Thursday, May 22

There's this girl that I work with (and who's blog I secretly read) that's bothering the hell out of me. Basically, she is always going on about this guy she's been dating for about a months now...maybe five or six weeks. Anyway, she's always talking about how she needs to spend all of this time with him, that she "wants" to spend all this time with him, at the same time complaining that there's no time in her life anymore for anything else. She gets up in the morning (usually late for work) then leaves afterward to spend time with him...any spare time that they mutually have off is spent together. She talks about how "silly" it is, how she needs to stop, how she doesn't know why she always does it. "I just don't want to not be with him" she says in a million different ways...

...and all I want to do is tell her what's up. Because I know. I always know. For 26 years I have sat at the sidelines and watched people, studied them, listened to them, and in those 26 years I have come to know people better than almost anyone else I know. Almost as pertinent as that, I have studied people, through philosophy and religion and come to understand as much as I could possibly expect myself to be able to how we as human beings think, feel, and love. I have studied epistemology and existentialism. I have read the great works on love. I have come to grips with the deep meanings of the great religions and what they teach their followers. I know what goes on in peoples' minds.

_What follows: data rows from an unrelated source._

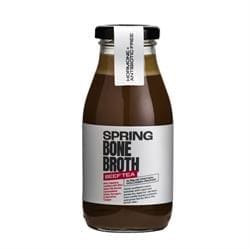 Beef Tea Bone Broth 250g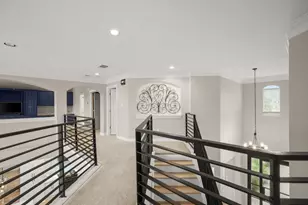 601 Scenic Path, Leander, TX 78641 - Photo 22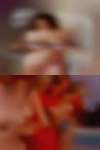 West Odessa horny wives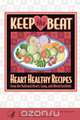 Keep the Beat, National Heart Lung 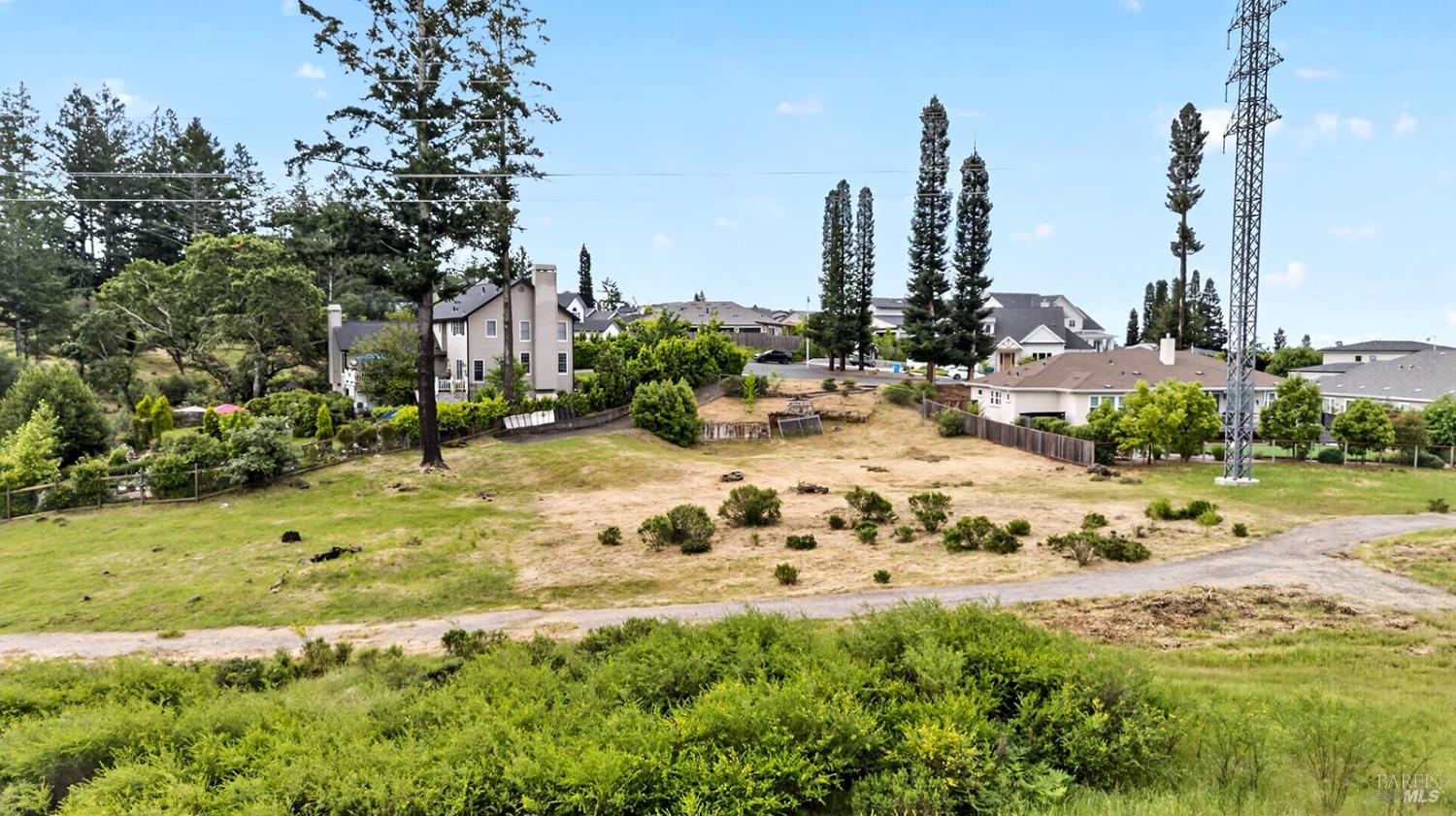 2017 Turnberry Court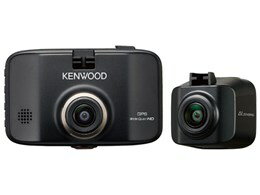 ★□ KENWOOD / ケンウッ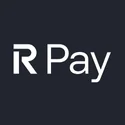 Revolut Pay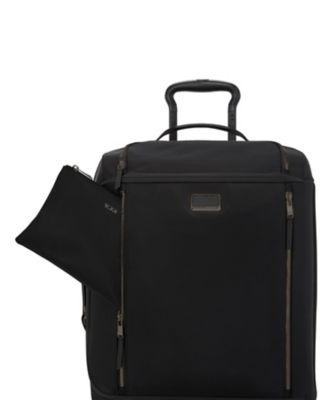 TUMI VOYAGEUR ジャスト・イン・ケース・ミディアム・トート VOYAGEUR 「カム」ミディアム・トート｜TUMI(トゥミ)公式サイト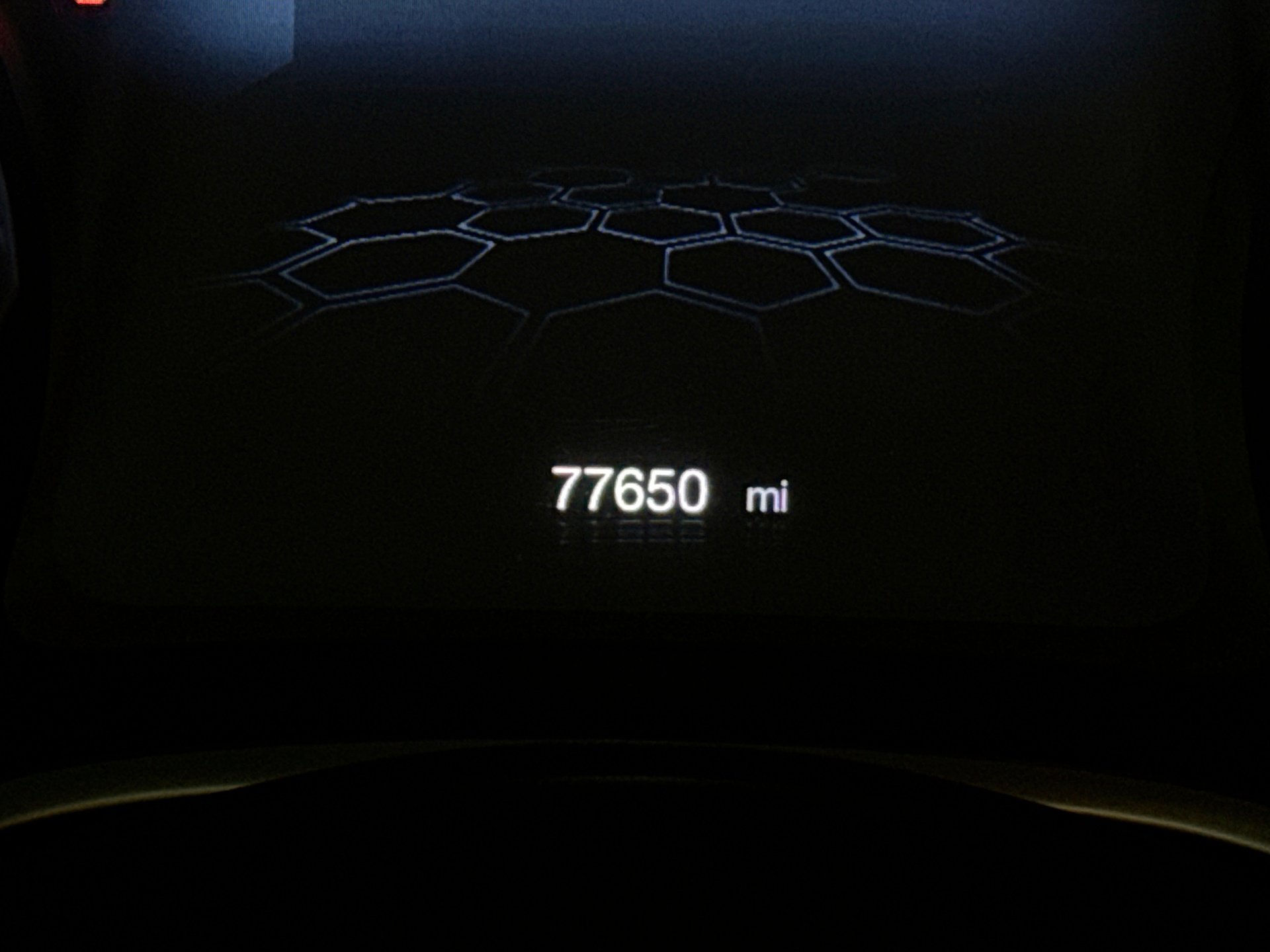 Used 2019 Jeep Compass High Altitude image 9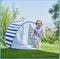 Babymoov Marine Anti-UV Tent A038215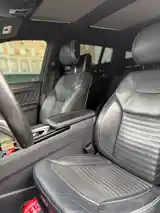 Mercedes-Benz GLS, 2018-7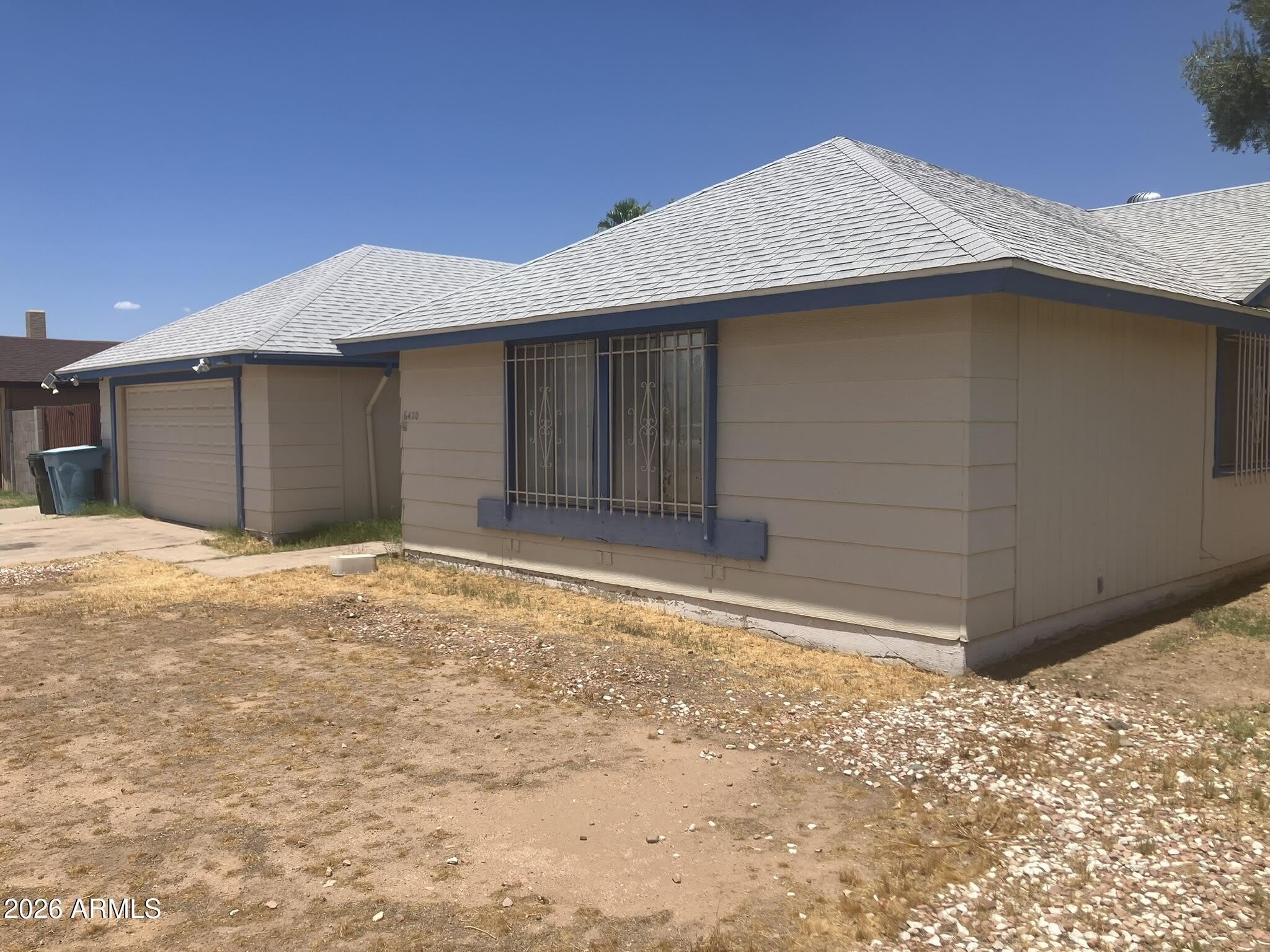6420 W College Drive – photo 2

I'm not psychic or anything, it's just that we people are pretty damn predictable. We all fall into stereotypes whether we want to admit it or not. To some thinkers, there are four personality types, for other six, eight, or up to sixteen. I have never seen anyone suggest that there are more "types" than that. Granted, we have all lead individual lives that have lead us down individual roads and those individual roads will lead us all to individual places...but the number of decisions that we make, the turns if you will, are extremely finite. There are an infinite number of decisions that we can make from the moment that we step off the curb to cross the street to the type of toast we order for breakfast, to the television show we watch to unwind, to what we do with our free time -- over the course of our lifetimes we must make a billion and a half such decisions. But each one, each and every decision is one made between a few -- one or two, ten or twelve -- choices...and it is at that level that we become predictable. I don't need to know someone very well to be able to guess what they'll choose whenever the opportunity arises. It's a skill gained through lonely people-watching.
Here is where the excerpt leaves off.